DATA:
:::::
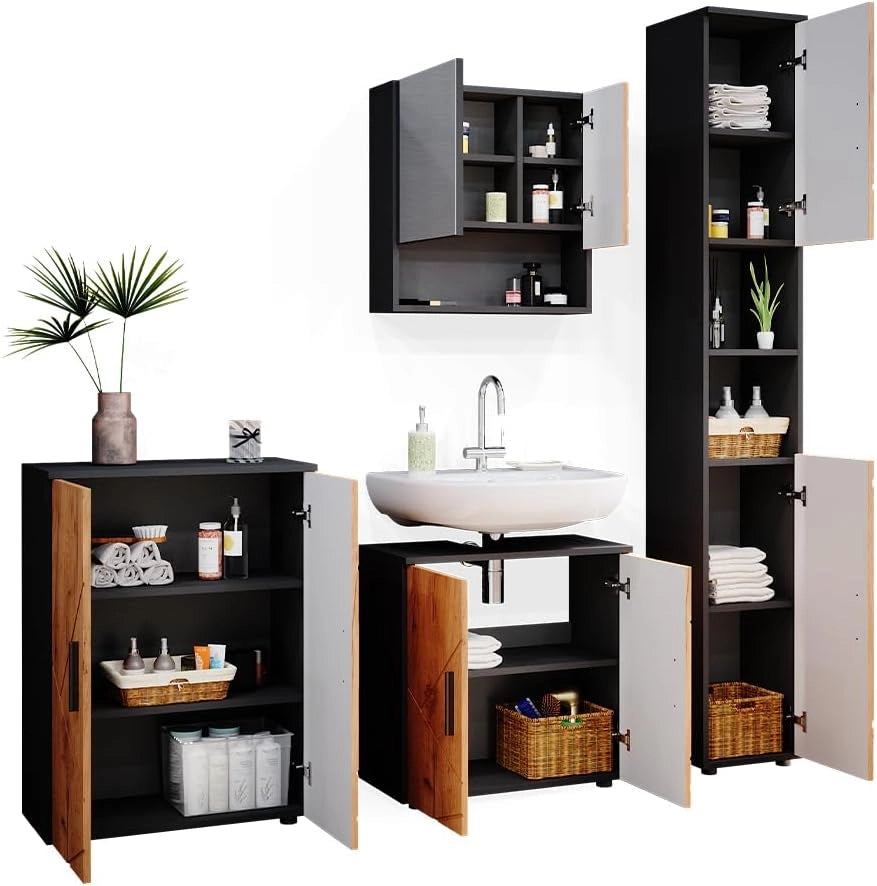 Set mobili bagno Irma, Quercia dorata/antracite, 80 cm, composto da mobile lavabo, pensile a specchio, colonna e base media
:::::
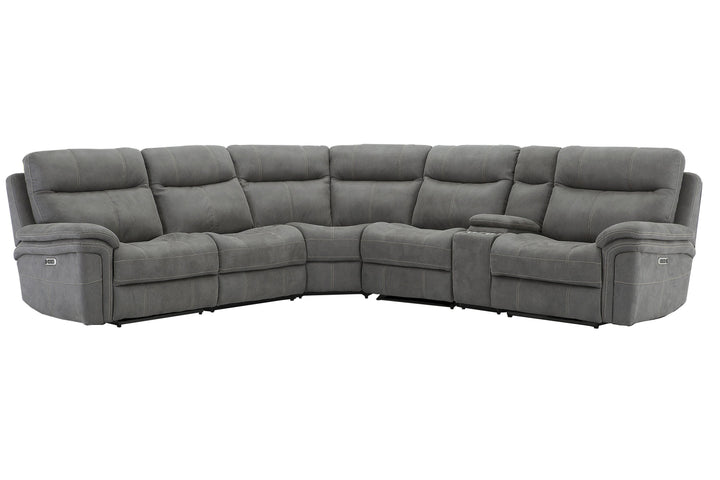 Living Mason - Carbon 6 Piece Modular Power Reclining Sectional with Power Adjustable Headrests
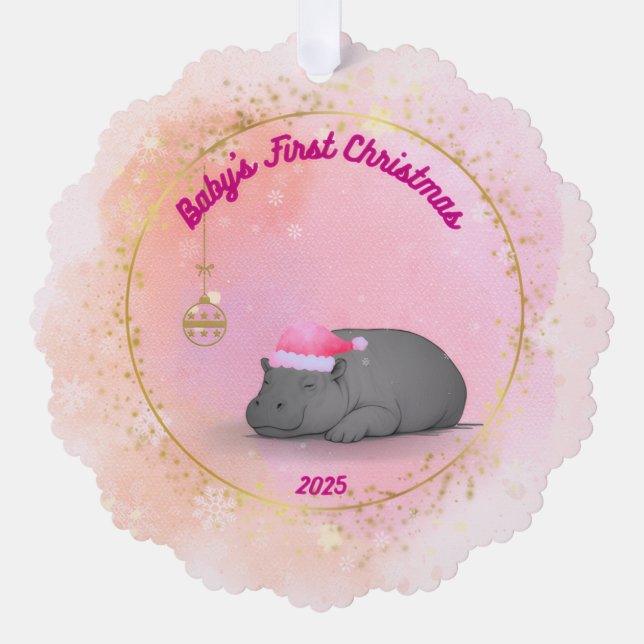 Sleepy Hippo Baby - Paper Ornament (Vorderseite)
:::::
WORK TO BE COMPLETED: Reproduce the data above exactly, but only from the line containing "Living Mason - Carbon" through the line containing "Sleepy Hippo Baby". Omit all pictures.

SOLUTION:
 Living Mason - Carbon 6 Piece Modular Power Reclining Sectional with Power Adjustable Headrests
 Sleepy Hippo Baby - Paper Ornament (Vorderseite)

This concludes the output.